* [Task instructions]: Down to the last line, set down the listing below exactly, apart from its pictures.
—————
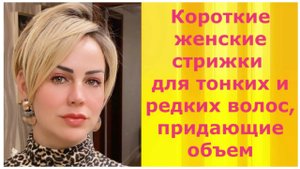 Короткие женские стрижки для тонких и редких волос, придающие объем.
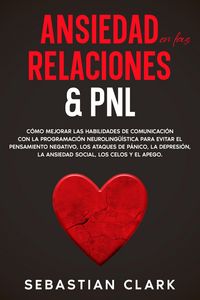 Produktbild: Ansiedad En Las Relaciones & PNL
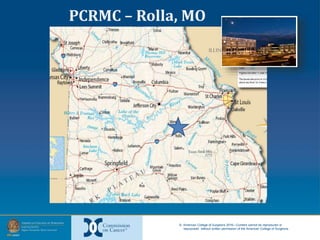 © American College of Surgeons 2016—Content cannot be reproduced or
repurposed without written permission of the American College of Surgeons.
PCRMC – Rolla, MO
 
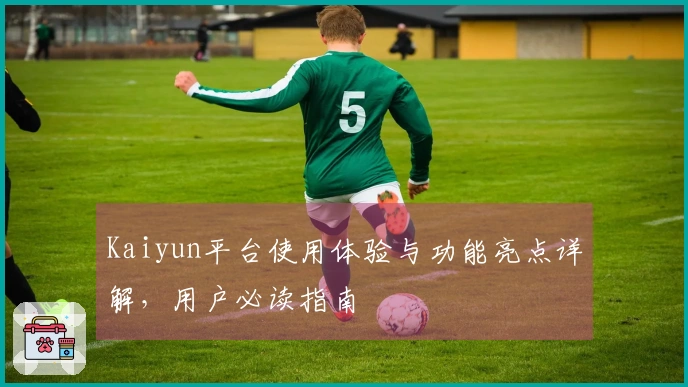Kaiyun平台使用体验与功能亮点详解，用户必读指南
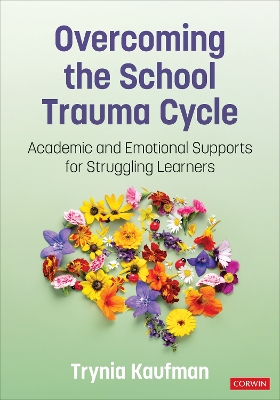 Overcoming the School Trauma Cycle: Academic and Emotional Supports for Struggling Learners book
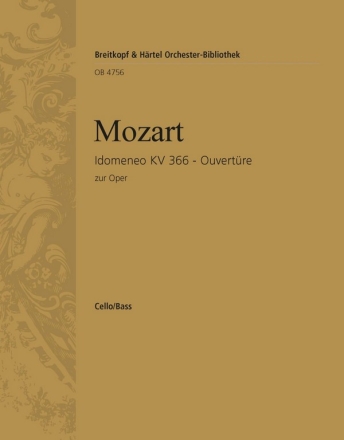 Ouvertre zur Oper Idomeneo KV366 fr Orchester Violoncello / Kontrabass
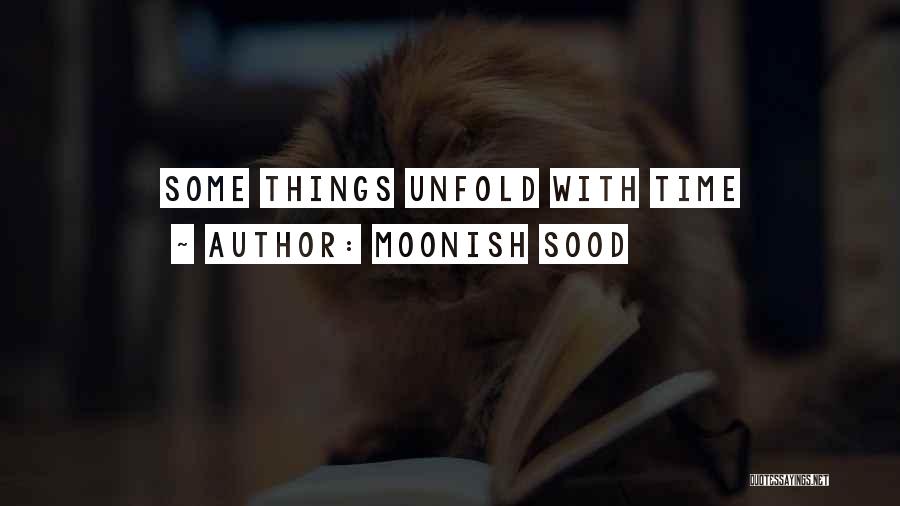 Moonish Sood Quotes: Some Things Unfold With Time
—————
* [Response]:
 Короткие женские стрижки для тонких и редких волос, придающие объем.
 Produktbild: Ansiedad En Las Relaciones & PNL
 © American College of Surgeons 2016—Content cannot be reproduced or
repurposed without written permission of the American College of Surgeons.
PCRMC – Rolla, MO
 
Kaiyun平台使用体验与功能亮点详解，用户必读指南
 Overcoming the School Trauma Cycle: Academic and Emotional Supports for Struggling Learners book
 Ouvertre zur Oper Idomeneo KV366 fr Orchester Violoncello / Kontrabass
 Moonish Sood Quotes: Some Things Unfold With Time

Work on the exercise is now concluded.